I evaluate Spark 4 try_variant_get method handling variant type data. First I make sql statements examples.
CREATE TABLE family (
id INT,
data VARIANT
);
INSERT INTO family (id, data)
VALUES
(1, PARSE_JSON('{"name":"Alice","age":30}')),
(2, PARSE_JSON('[1,2,3,4,5]')),
(3, PARSE_JSON('42'));
When SQL is executed, no errors are brought. Then Below codes are the select command using try_variant_get method
SELECT
id,
try_variant_get(data, '$.name', 'STRING') AS name,
try_variant_get(data, '$.age', 'INT') AS age
FROM
family
WHERE
try_variant_get(data, '$.name', 'STRING') IS NOT NULL;
SQL output is successfully returned.

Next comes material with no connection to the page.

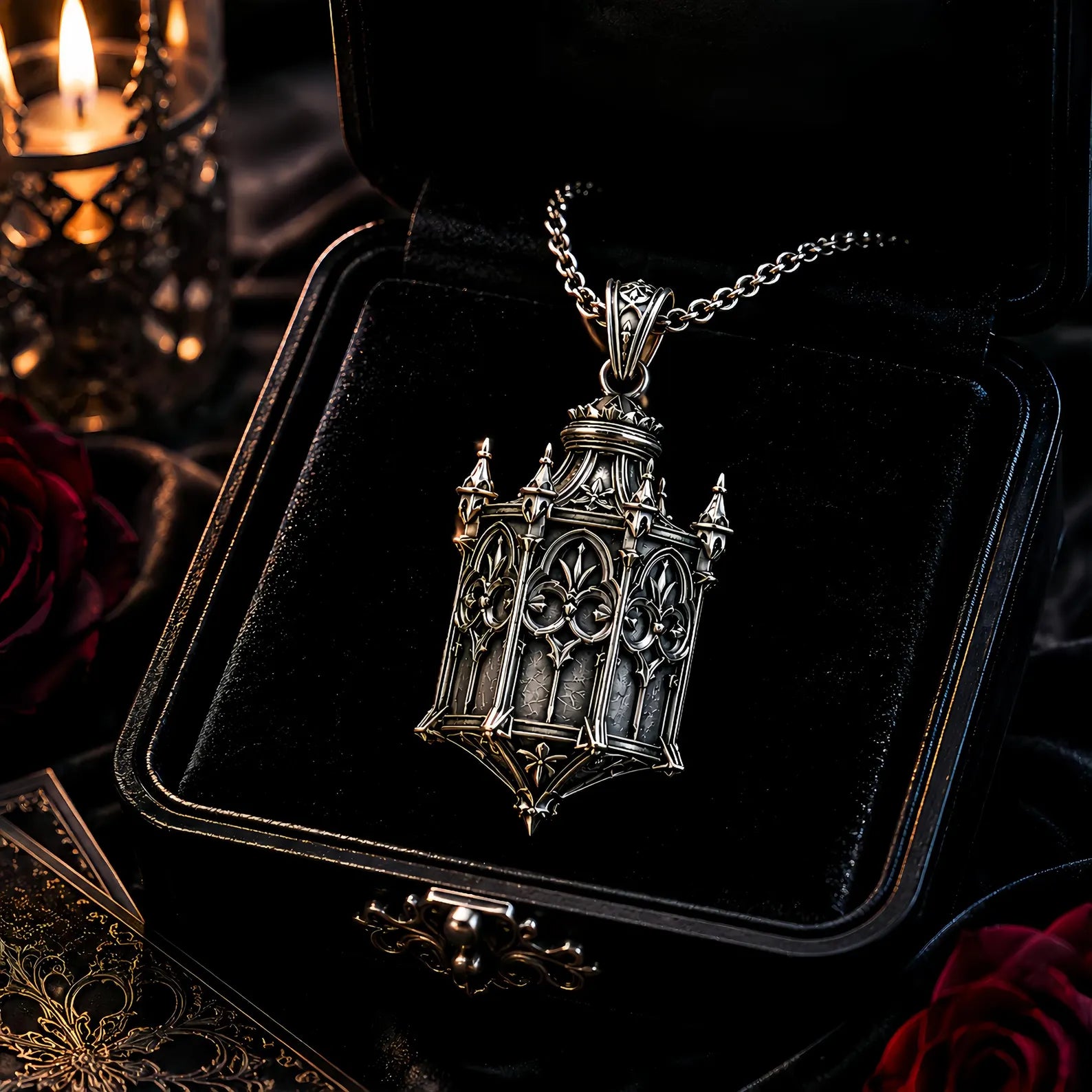 Cathedral Lantern Gothic pendant necklace displayed in a black velvet jewelry box with red roses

Then I transform these SQL statements into java api codes.
SparkSession spark = SparkSession.builder().master("local[*]").appName("VariantExample").getOrCreate();
StructType schema = new StructType()
.add("id", DataTypes.IntegerType)
.add("data", DataTypes.VariantType);
Dataset<Row> df = spark.createDataFrame(
Arrays.asList(
RowFactory.create(1, "{\"name\":\"Alice\",\"age\":30}"),
RowFactory.create(2, "[1,2,3,4,5]"),
RowFactory.create(3, "42")
),
schema
);
Dataset<Row> df_sel = df.select(
col("id"),
try_variant_get(col("data"), "$.name", "String").alias("name"),
try_variant_get(col("data"), "$.age", "Integer").alias("age")

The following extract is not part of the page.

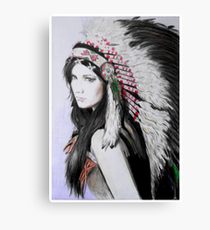 210x230 Native American Headdress Painting Amp Mixed Media Canvas Prints - Headdress Painting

).where("name IS NOT NULL");
df_sel.printSchema();
df_sel.show();
But these java codes throw the following exceptions.
root
|-- id: integer (nullable = true)
|-- name: string (nullable = true)
|-- age: integer (nullable = true)
Exception in thread "main" java.lang.ClassCastException: class java.lang.String cannot be cast to class org.apache.spark.unsafe.types.VariantVal (java.lang.String is in module java.base of loader 'bootstrap'; org.apache.spark.unsafe.types.VariantVal is in unnamed module of loader 'app')
at org.apache.spark.sql.catalyst.expressions.variant.VariantGet.nullSafeEval(variantExpressions.scala:282)
at org.apache.spark.sql.catalyst.expressions.BinaryExpression.eval(Expression.scala:692)
at org.apache.spark.sql.catalyst.expressions.Alias.eval(namedExpressions.scala:159)
at org.apache.spark.sql.catalyst.expressions.InterpretedMutableProjection.apply(InterpretedMutableProjection.scala:89)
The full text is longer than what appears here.